Task brief — For every line below, restate it exactly and drop the images.

Extracted data: Begin

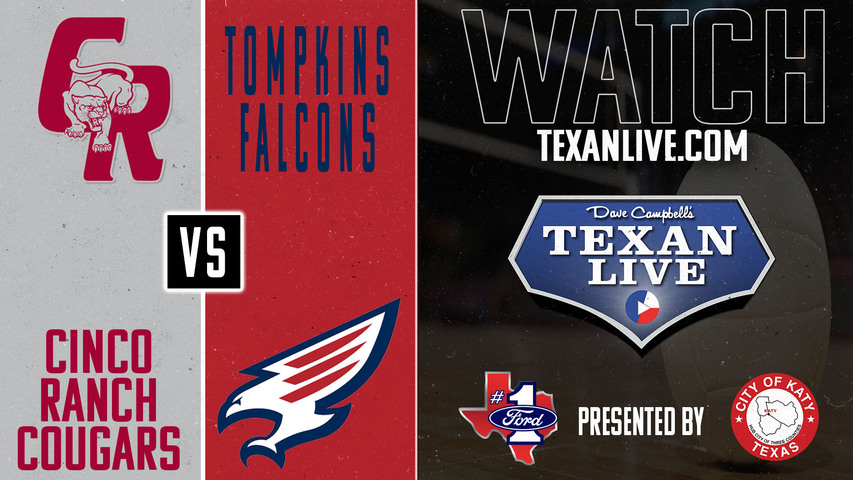 Cinco Ranch vs Tompkins - 5:30pm- 9/17/2024 - Volleyball - Live from Tompkins High School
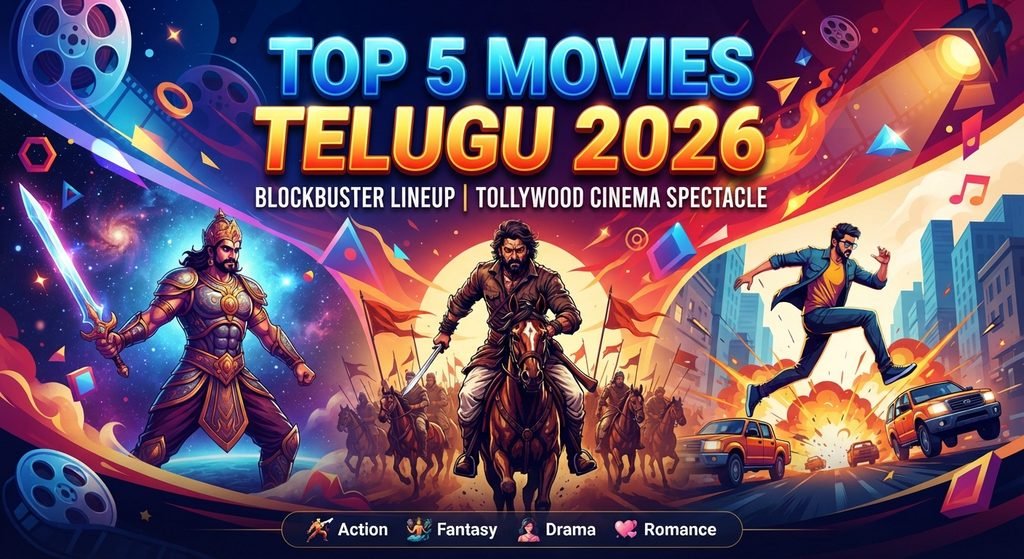 5 movies telugu 2026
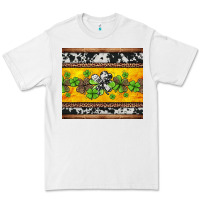 White st Patricks day western shamrock Premium Tee - Jasminsmagicworld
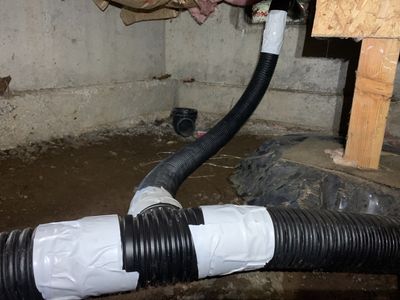 Sub-Membrane Radon System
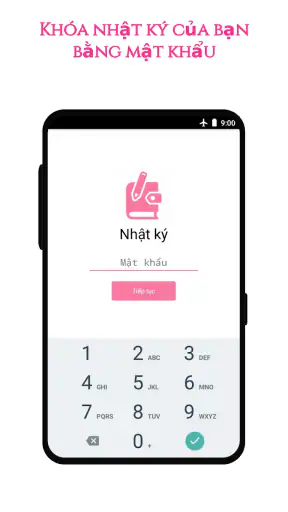 Nhật ký cá nhân screenshot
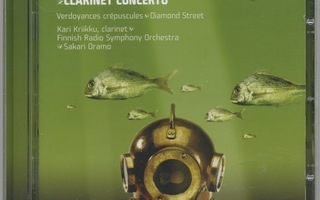 HAKOLA / KRIIKKU: Klarinettikonsertto et al – Ondine CD 2005
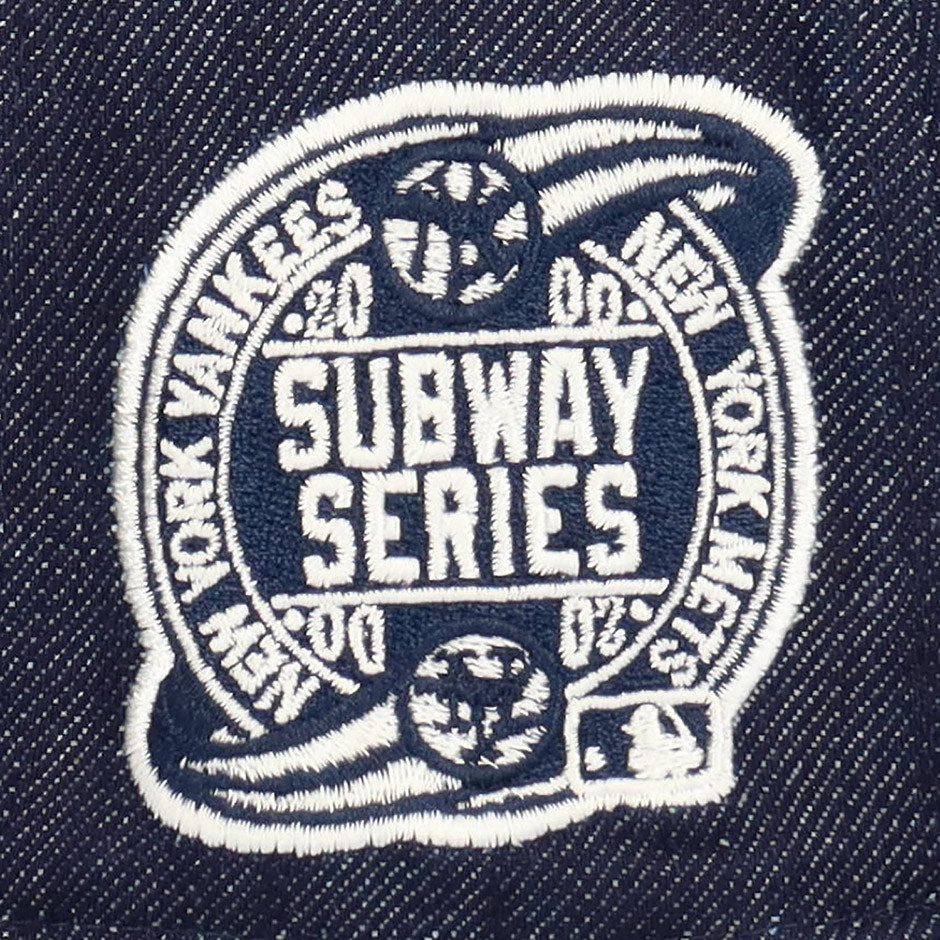 ニューエラ 59FIFTY デニム サブウェイシリーズ キャップ NY ヤンキース メッツ ワールドシリーズ 帽子 大きいサイズ ブランド 5950 NEW ERA｜inreason｜14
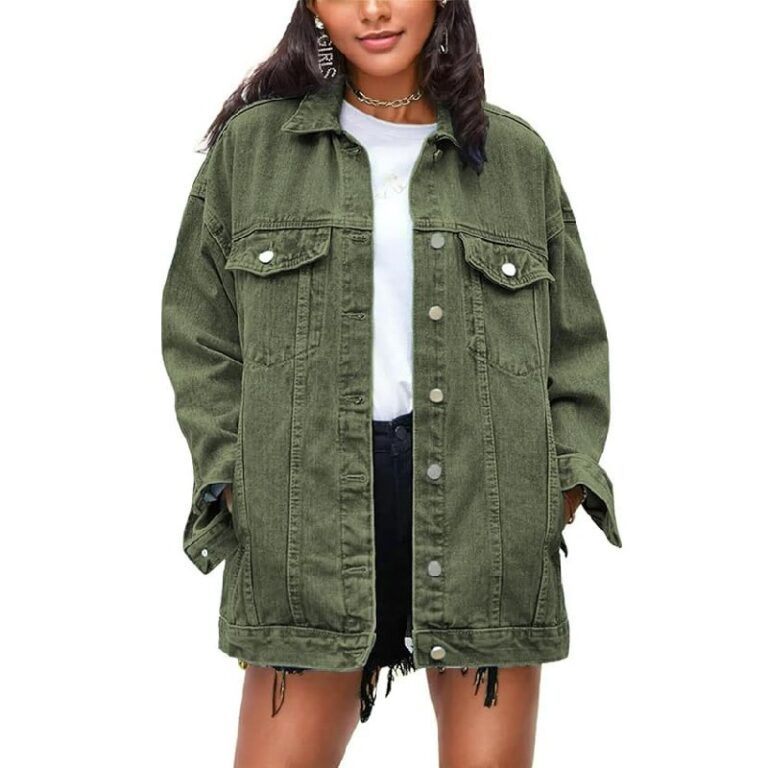 Omoone Women’s Denim Jacket up to 28% Off Deal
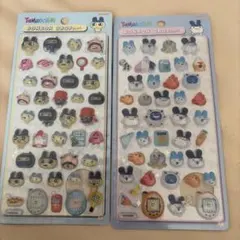 新品未開封　たまごっちボンボンドロップシール　2点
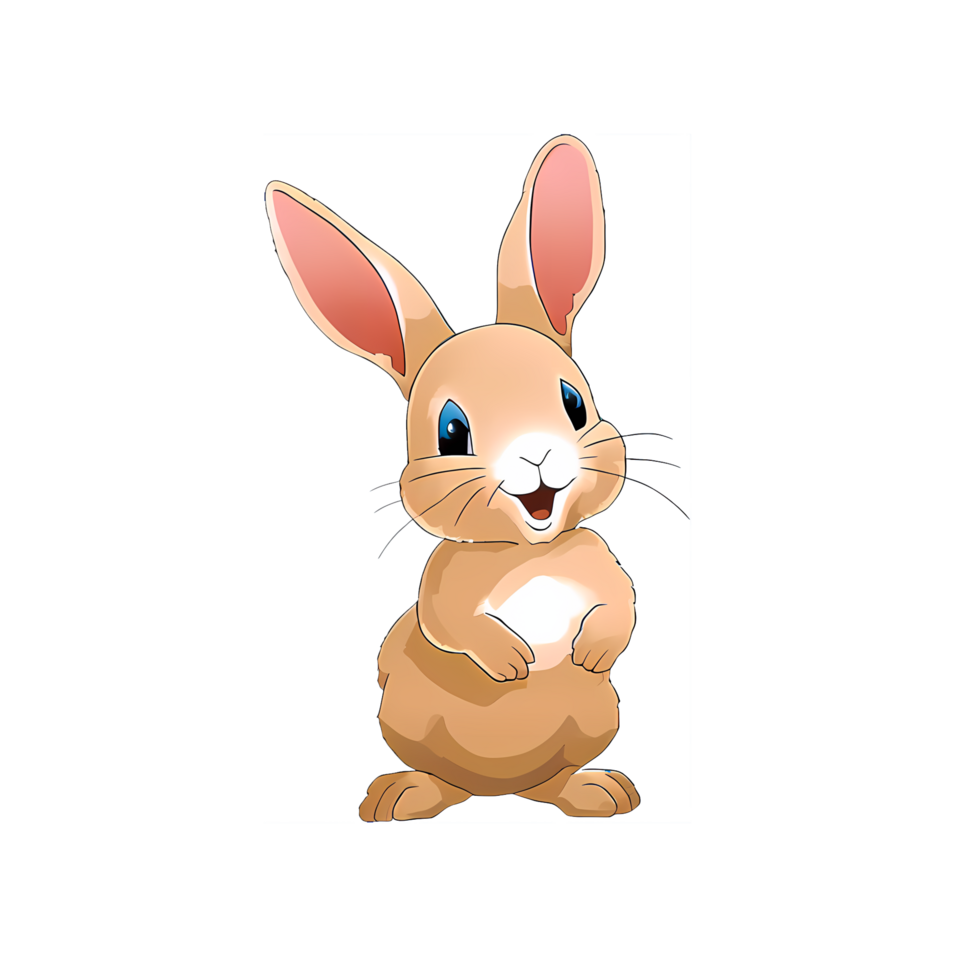 Hand Drawn Cartoon Style Illustration AI Generated png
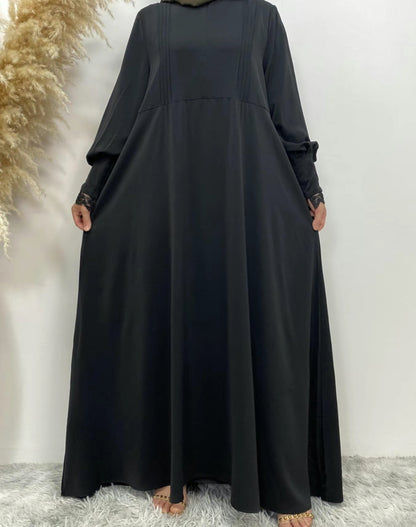 Classic lace abaya - Maha abaya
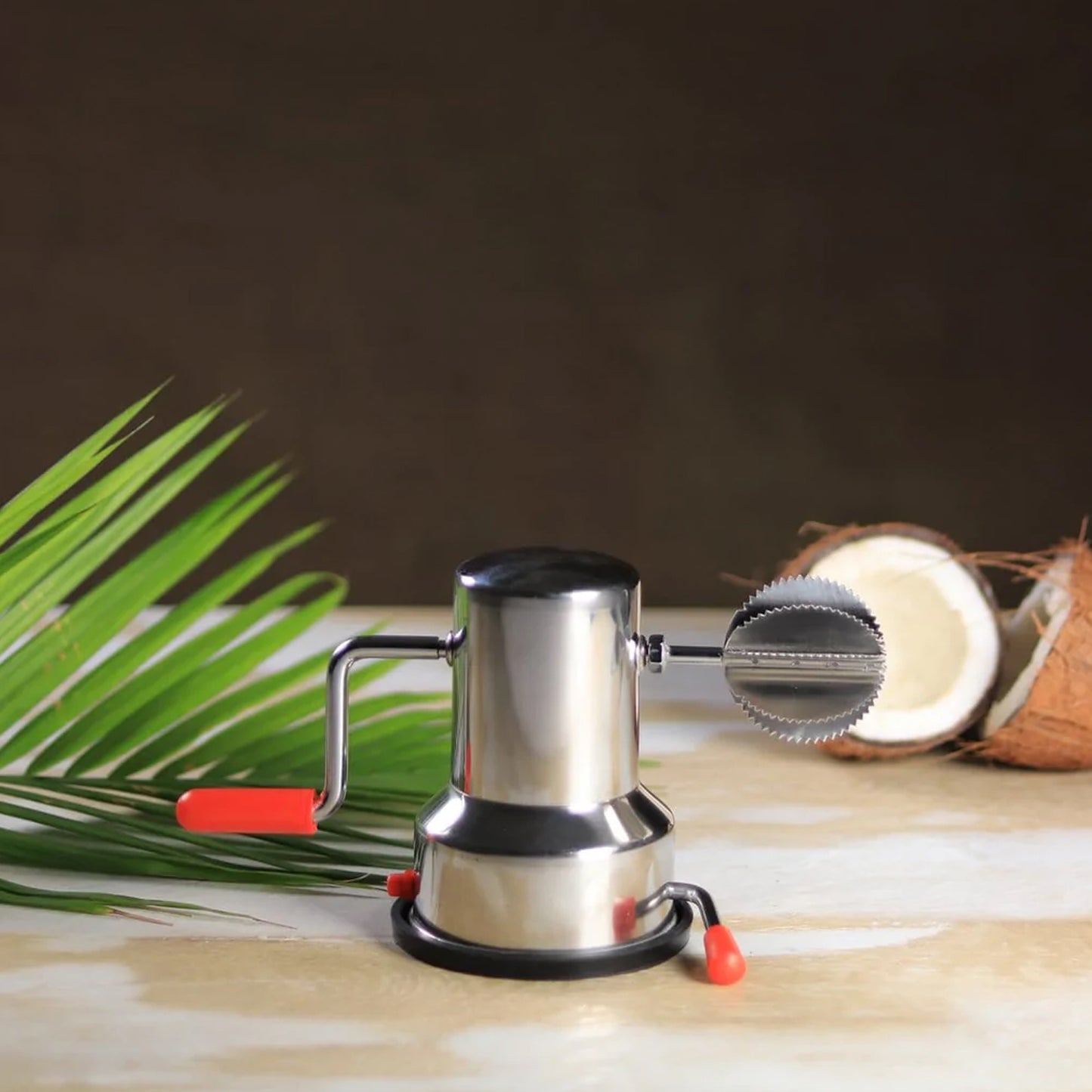 Coconut Scrapers Machine Manual Steel For Home Kitchen Use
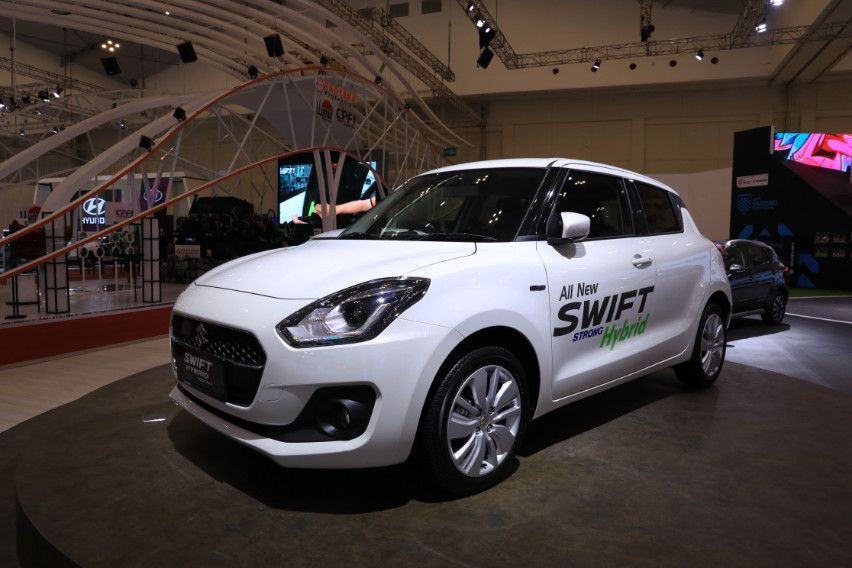 GIIAS 2018: Suzuki Berharap Regulasi LCEV Rampung untuk Tentukan Harga Swift Hybrid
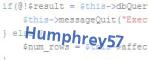 verification code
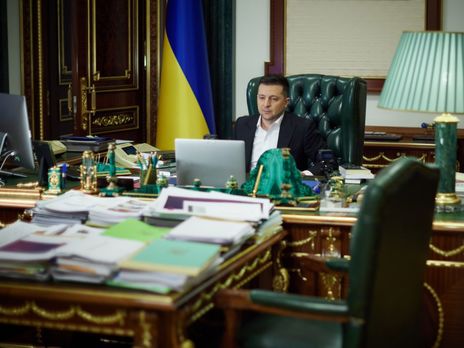 Зеленский внес в Раду три 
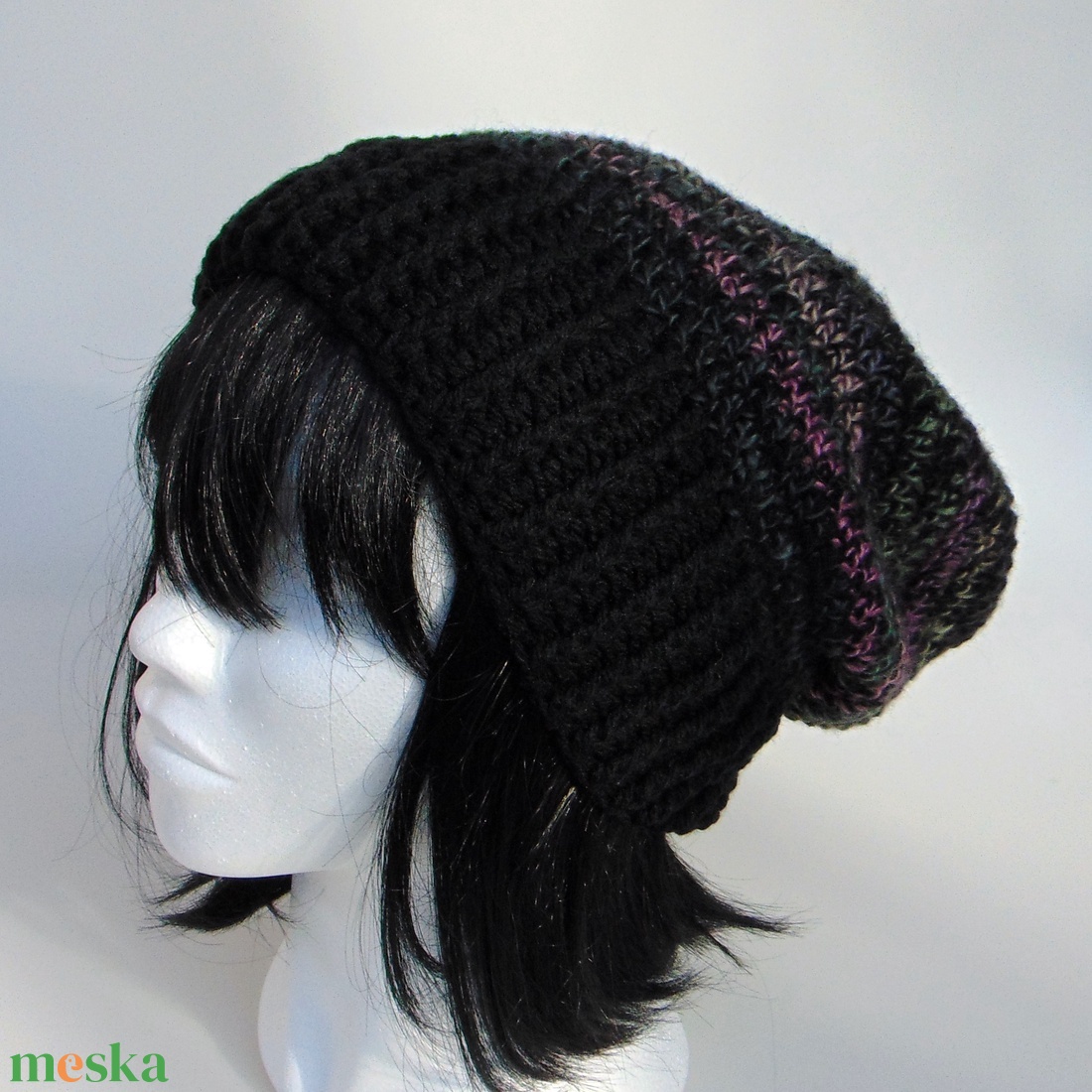 Peyton slouchy fazonú női sapka /  horgolt sapka  - ruha & divat - sál, sapka, kendő - sapka - Meska.hu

Extracted data: End

Output of the task —
 Cinco Ranch vs Tompkins - 5:30pm- 9/17/2024 - Volleyball - Live from Tompkins High School
 5 movies telugu 2026
 White st Patricks day western shamrock Premium Tee - Jasminsmagicworld
 Sub-Membrane Radon System
 Nhật ký cá nhân screenshot
 HAKOLA / KRIIKKU: Klarinettikonsertto et al – Ondine CD 2005
 ニューエラ 59FIFTY デニム サブウェイシリーズ キャップ NY ヤンキース メッツ ワールドシリーズ 帽子 大きいサイズ ブランド 5950 NEW ERA｜inreason｜14
 Omoone Women’s Denim Jacket up to 28% Off Deal
 新品未開封　たまごっちボンボンドロップシール　2点
 Hand Drawn Cartoon Style Illustration AI Generated png
 Classic lace abaya - Maha abaya
 Coconut Scrapers Machine Manual Steel For Home Kitchen Use
 GIIAS 2018: Suzuki Berharap Regulasi LCEV Rampung untuk Tentukan Harga Swift Hybrid
 verification code
 Зеленский внес в Раду три 
 Peyton slouchy fazonú női sapka /  horgolt sapka  - ruha & divat - sál, sapka, kendő - sapka - Meska.hu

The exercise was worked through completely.